Born in Hannover, West Germany, on November 10, 1957, Metzmacher grew up as the son of cellist Rudolf Metzmacher. He began piano studies in his hometown, where he likewise pursued theory and conducting before continuing his education in Cologne and Salzburg. In 1980 he joined Frankfurt’s Ensemble Modern as pianist and assumed its conducting duties in 1985. Wider notice followed his 1988 direction of Franz Schreker’s Der ferne Klang at Brussels’ Théâtre de la Monnaie.
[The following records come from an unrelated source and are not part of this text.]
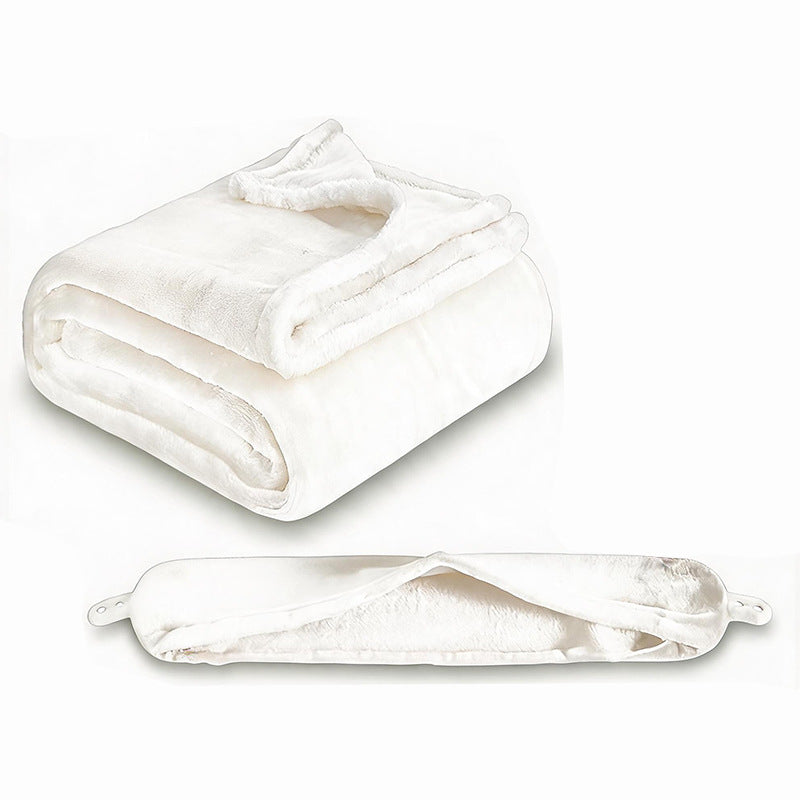 Ladies Snuggle Blanket Bowlift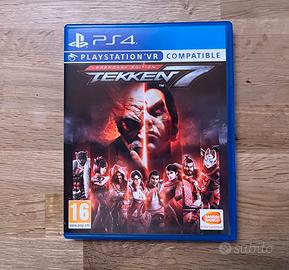 Tekken 7 PS4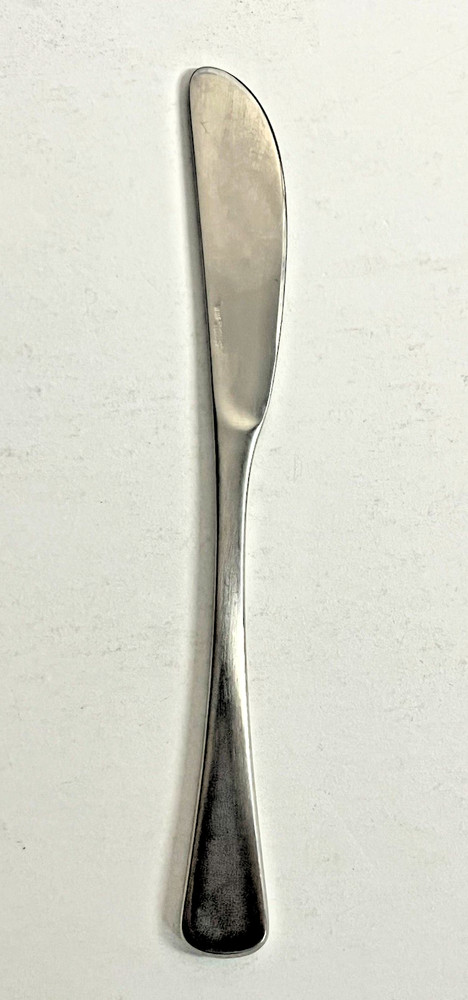 WMF Cromargan BUTTER KNIFE FINESSE Germany Stainless Silverware Flatware REPLACE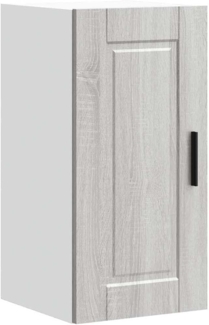 Küchen-Hängeschrank Porto Grau Sonoma Holzwerkstoff 854023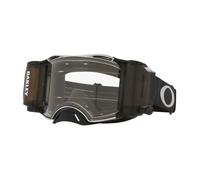 Masque cross Oakley AIRBRAKE MX TUFF BLOCK GUNMETAL ROLL OFF 2024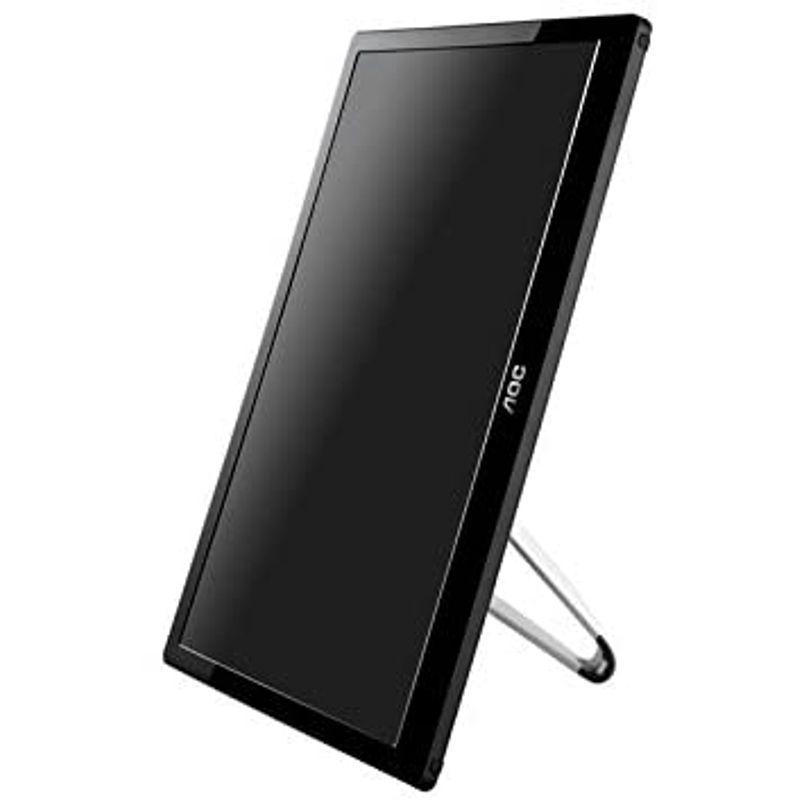 AOC 15.6インチ USB接続 モニター ( 1366 x 768 / TN / 8ms ) E1659FWU-GP4R 6インチ USB接続 モニター TN 8ms E1659FWU GP4R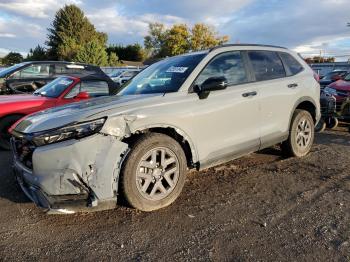  Salvage Honda Cr-v Trail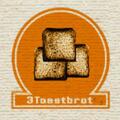 Das Logo von laut.fm 3 Toastbrot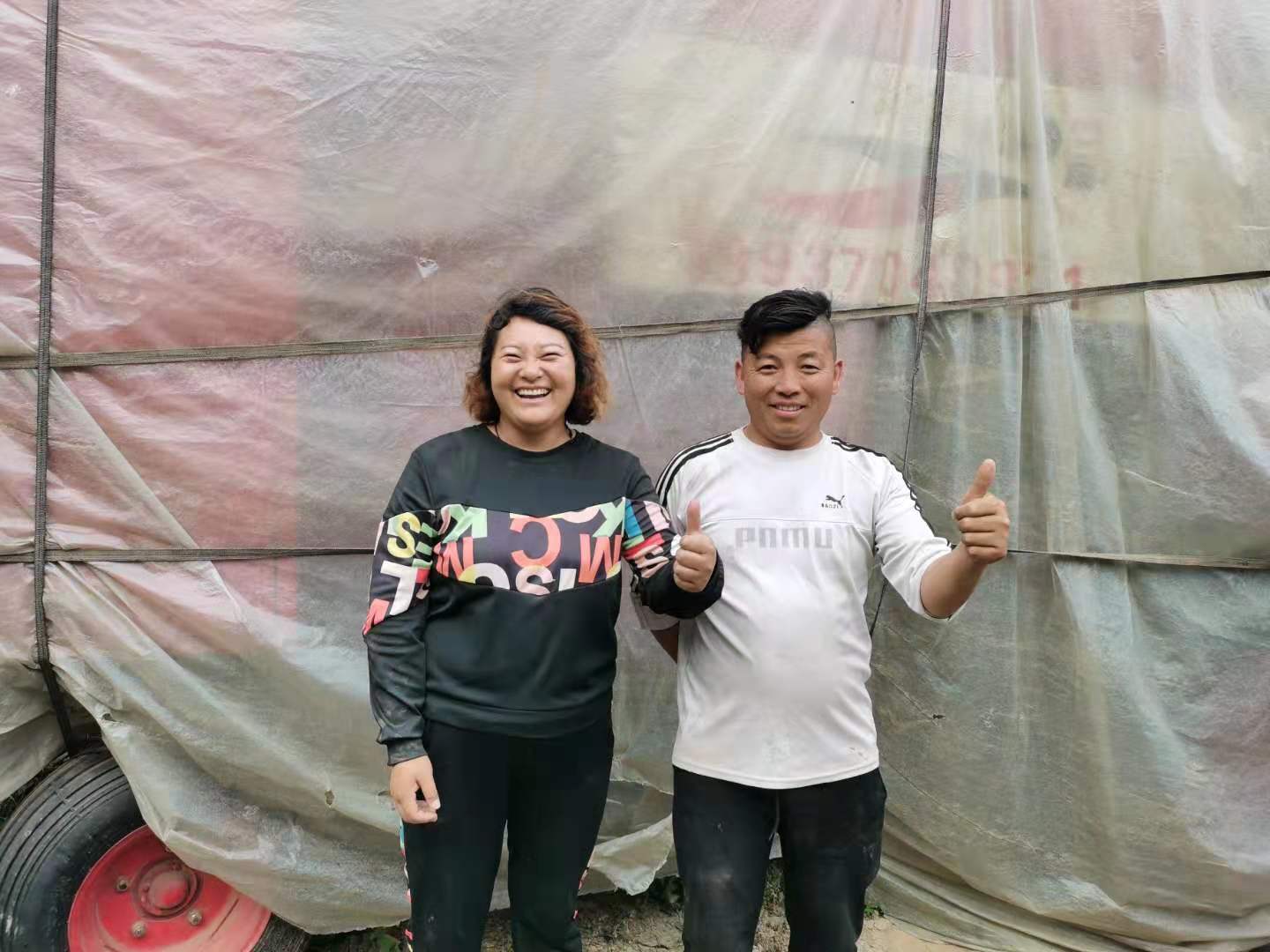 鄭州中聯(lián)車主故事|“不聽話”的梁大哥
His recording debut came in 1994 when he led Ensemble Modern in Hans Werner Henze’s Requiem; that same year he also directed the Munich Philharmonic in a revised account of Henze’s Symphony No. 6.

Appointed music director of both the Hamburg Symphony Orchestra and the Hamburg Opera in 1997, Metzmacher earned recognition for productions of Wagner’s Lohengrin, Weber’s Der Freischütz, and Berg’s Wozzeck, the last of which he recorded for EMI in 1999. He left Hamburg in 2005 to head De Nederlandse Opera in Amsterdam, a post he held until 2008, then moved to the Deutsche Symphonie-Orchester Berlin under a contract scheduled to run through 2011, although he resigned early over budgetary conflicts. Guest engagements have kept him active, including the 2009 Salzburg Festival premiere of Luigi Nono’s Al gran sole carico d’amore and the 2010 premiere of Wolfgang Rihm’s Dionysos.

Metzmacher has explored a broad spectrum of twentieth-century instrumental music stretching from Charles Ives through Schoenberg, Webern, and John Cage, while devoting special attention to Karl Amadeus Hartmann, whose complete symphonies he has recorded. He has appeared with the Berlin Philharmonic, Vienna Philharmonic, and Chicago Symphony Orchestra. As pianist he has partnered with baritone Matthias Goerne, soprano Christine Schäfer, and bass-baritone Christian Gerhaher. By the mid-2020s his catalog exceeded fifty recordings, among them a 2024 collection of late Stravinsky works with the SWR Symphonieorchester. He has also written the books Keine Angst vor neuen Töne and Vorhang Auf!